Ingredients
- 1 tablespoon extra-virgin olive oil
- 6 bell peppers (red, orange, yellow)
- ⅔ cup dry quinoa, or 3 cups cooked
- 1 medium sweet onion (approximately 2 cups diced)
- 2 cups frozen whole kernel corn
- 2 cloves garlic, minced
- 2 cups cooked black beans (one 15.5 oz can)
- 3-5 Serrano peppers, seeds removed, diced
- 4 medium tomatoes, diced (2-3 cups)
- ½ cup shredded Monterey Jack cheese
- ½ cup shredded Cheddar cheese
- 1 lime cut into wedges (for garnish)
- 3 tablespoons fresh cilantro (for garnish)
- 1 tablespoon chili powder
- ½ teaspoon garlic powder
- ½ teaspoon onion powder
- ¼ teaspoon crushed red pepper
- ¼ teaspoon dried oregano
- ½ teaspoon paprika
- 1¼ teaspoon cumin
- ½ teaspoon salt
- ½ teaspoon pepper
Preparation
Combine ⅔ cup dry quinoa and 1. cups water in a medium-sized pan. Follow package directions and cook for approximately 13 minutes. Remove from heat and fluff Set aside.
While quinoa is cooking, rinse bell peppers and pat dry. Cut off tops and remove pith and seeds. Set aside.
Dice tomatoes and place in a medium-sized bowl. Add a pinch of salt to draw out excess liquid. Set aside for 15 minutes before draining. Dice the onion and rinse the black beans. Set aside.
Using a sharp knife, cut stems off of Serrano peppers. Wear gloves! Cut them in half lengthwise and remove the seeds. Discard (or compost) stems and seeds. Evenly dice. Set aside.
Mix spices and set aside.
Preheat oven to 400°.
Lightly coat all sides of the bell peppers with olive oil (including the hollow cavity). Place peppers cut-side down in a 4-quart baking dish. Bake until tender (about 15-20 minutes). Cool for 10-15 minutes. Use metal tongs to turn them right side up. Set aside.
Heat olive oil in a large, non-stick skillet or cast-iron pan over medium heat. Saute onions and garlic for 2-3 minutes, or until translucent. Add cooked quinoa, corn, tomatoes, black beans, Serrano peppers, and spices. Mix everything together and saute for 2-4 minutes. Remove from heat.
Using a large spoon, carefully and generously fill bell peppers with the quinoa mixture. Store any extra quinoa mixture in the refrigerator in a lidded, clear glass storage container.
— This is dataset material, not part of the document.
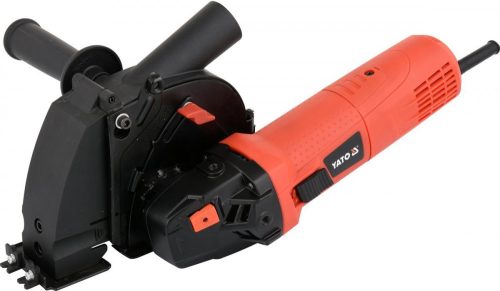 Yato elektromos falhoronymarógép 125 mm 1700 W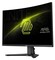 Фото - Монітор MSI 27" MAG 276CF E20 VA Black Curved 200Hz | click.ua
Add 2 tablespoons of water to the bottom of the baking dish, lightly cover stuffed bell peppers with foil, and place back into the oven. Bake for another 15 minutes or until hot. Remove from heat and remove foil.
Top stuffed bell peppers with shredded cheeses and put back into the oven. Bake for another 3-5 minutes, or until the cheese starts to bubble and turn golden brown. Remove from heat.
Sprinkle the tops with cilantro. When plating, arrange a few lime wedges on the side. Serve immediately.
Alternately, once stuffed bell peppers have cooled completely, they can be frozen for up to 6 months. Securely cover the baking dish with a layer of plastic wrap, and then a sheet of aluminum foil. Freeze. To reheat stuffed bell peppers, preheat the oven to 350°, remove the plastic wrap from the baking dish, and cover tightly with aluminum foil. Cook for 40-45 minutes, or until piping hot. Serve immediately.